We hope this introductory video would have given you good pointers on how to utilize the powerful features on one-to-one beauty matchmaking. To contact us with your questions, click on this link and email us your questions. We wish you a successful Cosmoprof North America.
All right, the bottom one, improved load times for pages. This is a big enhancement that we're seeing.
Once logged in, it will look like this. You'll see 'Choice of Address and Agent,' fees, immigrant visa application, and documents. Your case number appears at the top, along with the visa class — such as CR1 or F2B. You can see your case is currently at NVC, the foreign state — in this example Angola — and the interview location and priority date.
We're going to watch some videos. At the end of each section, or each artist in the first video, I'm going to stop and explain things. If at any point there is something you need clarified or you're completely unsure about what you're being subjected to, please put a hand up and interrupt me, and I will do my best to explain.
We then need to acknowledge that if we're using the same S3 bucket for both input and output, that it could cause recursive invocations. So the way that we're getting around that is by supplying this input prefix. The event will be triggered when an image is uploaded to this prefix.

------------

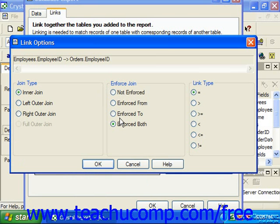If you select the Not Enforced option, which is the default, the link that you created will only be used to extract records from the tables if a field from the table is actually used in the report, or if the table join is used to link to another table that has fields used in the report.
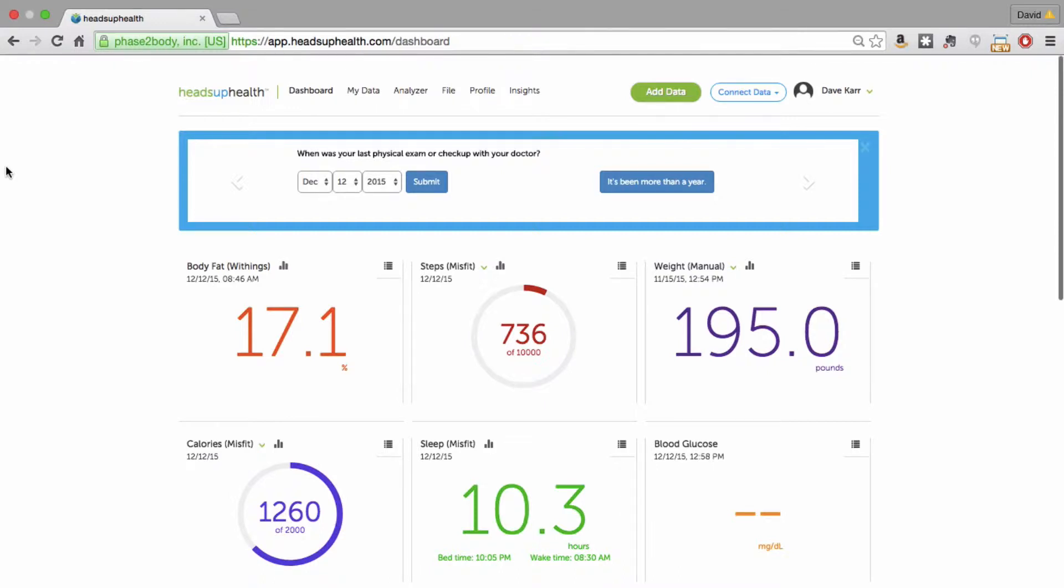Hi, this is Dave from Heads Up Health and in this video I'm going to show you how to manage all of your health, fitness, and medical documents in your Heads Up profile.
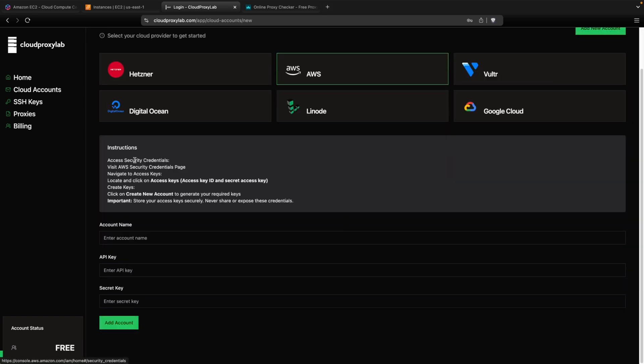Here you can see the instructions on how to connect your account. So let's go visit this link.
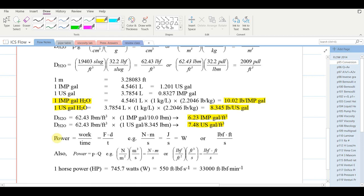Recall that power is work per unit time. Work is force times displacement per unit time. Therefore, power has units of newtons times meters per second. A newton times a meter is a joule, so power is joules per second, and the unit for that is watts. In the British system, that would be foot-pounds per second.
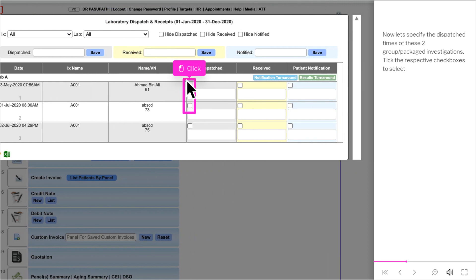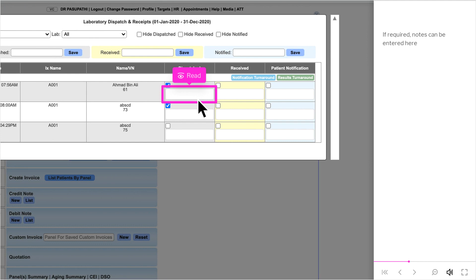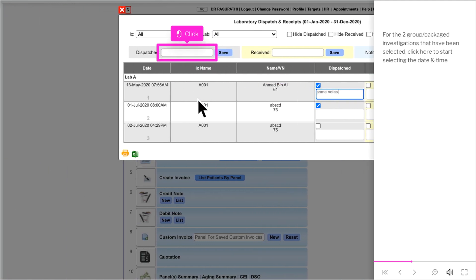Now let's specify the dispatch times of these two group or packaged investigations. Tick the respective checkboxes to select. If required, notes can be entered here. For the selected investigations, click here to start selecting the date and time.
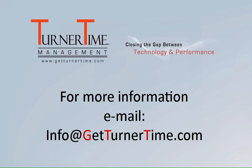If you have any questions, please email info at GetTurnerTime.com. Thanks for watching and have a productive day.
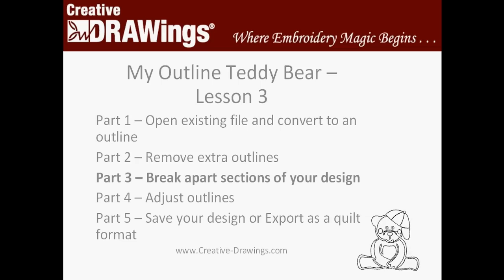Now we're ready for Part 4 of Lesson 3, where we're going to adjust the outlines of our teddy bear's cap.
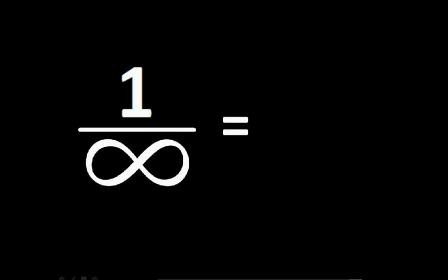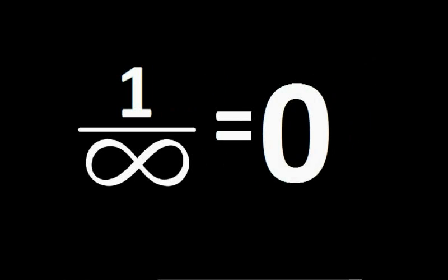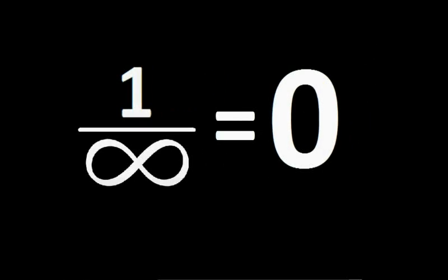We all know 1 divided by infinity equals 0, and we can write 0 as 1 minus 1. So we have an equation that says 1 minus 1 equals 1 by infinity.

------------

Look above for the line with "We hope this" and the line with "Once logged in, it", and reproduce exactly those two lines plus every line between, nothing more.

Solution for this exercise —
We hope this introductory video would have given you good pointers on how to utilize the powerful features on one-to-one beauty matchmaking. To contact us with your questions, click on this link and email us your questions. We wish you a successful Cosmoprof North America.
All right, the bottom one, improved load times for pages. This is a big enhancement that we're seeing.
Once logged in, it will look like this. You'll see 'Choice of Address and Agent,' fees, immigrant visa application, and documents. Your case number appears at the top, along with the visa class — such as CR1 or F2B. You can see your case is currently at NVC, the foreign state — in this example Angola — and the interview location and priority date.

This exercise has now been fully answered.